> **What you will do**:
In the listing below, start your output at the line with "Johann Ludwig Gottfried" and end it after the line with "New Holland 100LC Loader Operator's Manual", copying every line exactly.

> **Extracted entries**:
= = =

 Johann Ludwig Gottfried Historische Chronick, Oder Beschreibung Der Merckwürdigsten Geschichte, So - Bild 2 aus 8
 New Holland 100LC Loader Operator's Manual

= = =

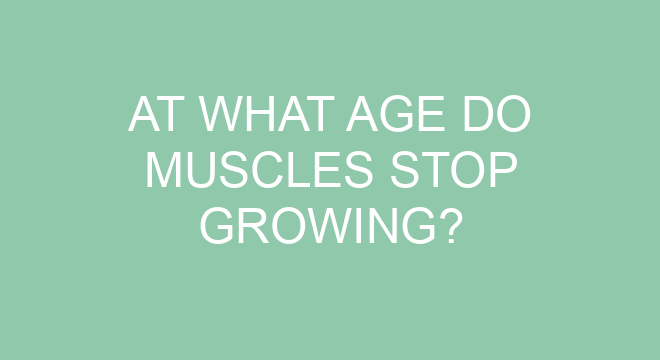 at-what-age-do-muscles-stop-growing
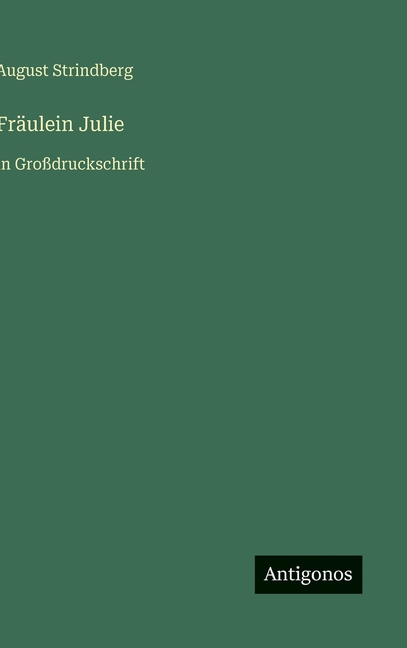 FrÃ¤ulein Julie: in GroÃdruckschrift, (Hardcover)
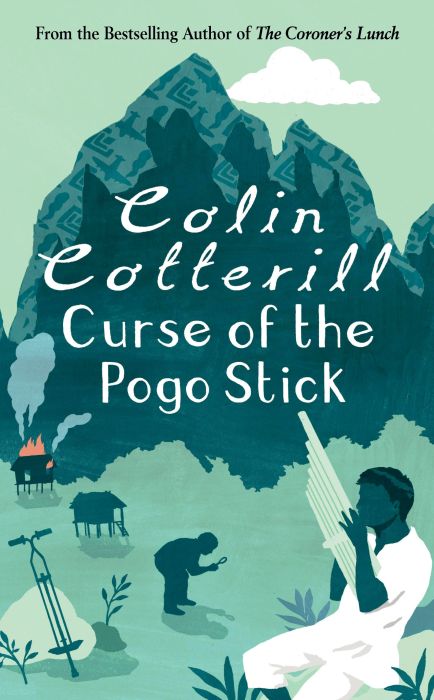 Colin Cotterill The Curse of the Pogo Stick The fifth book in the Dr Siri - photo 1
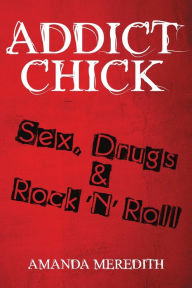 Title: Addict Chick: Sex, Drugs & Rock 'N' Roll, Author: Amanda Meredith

= = =

> **Exercise solution**:
 Johann Ludwig Gottfried Historische Chronick, Oder Beschreibung Der Merckwürdigsten Geschichte, So - Bild 2 aus 8
 New Holland 100LC Loader Operator's Manual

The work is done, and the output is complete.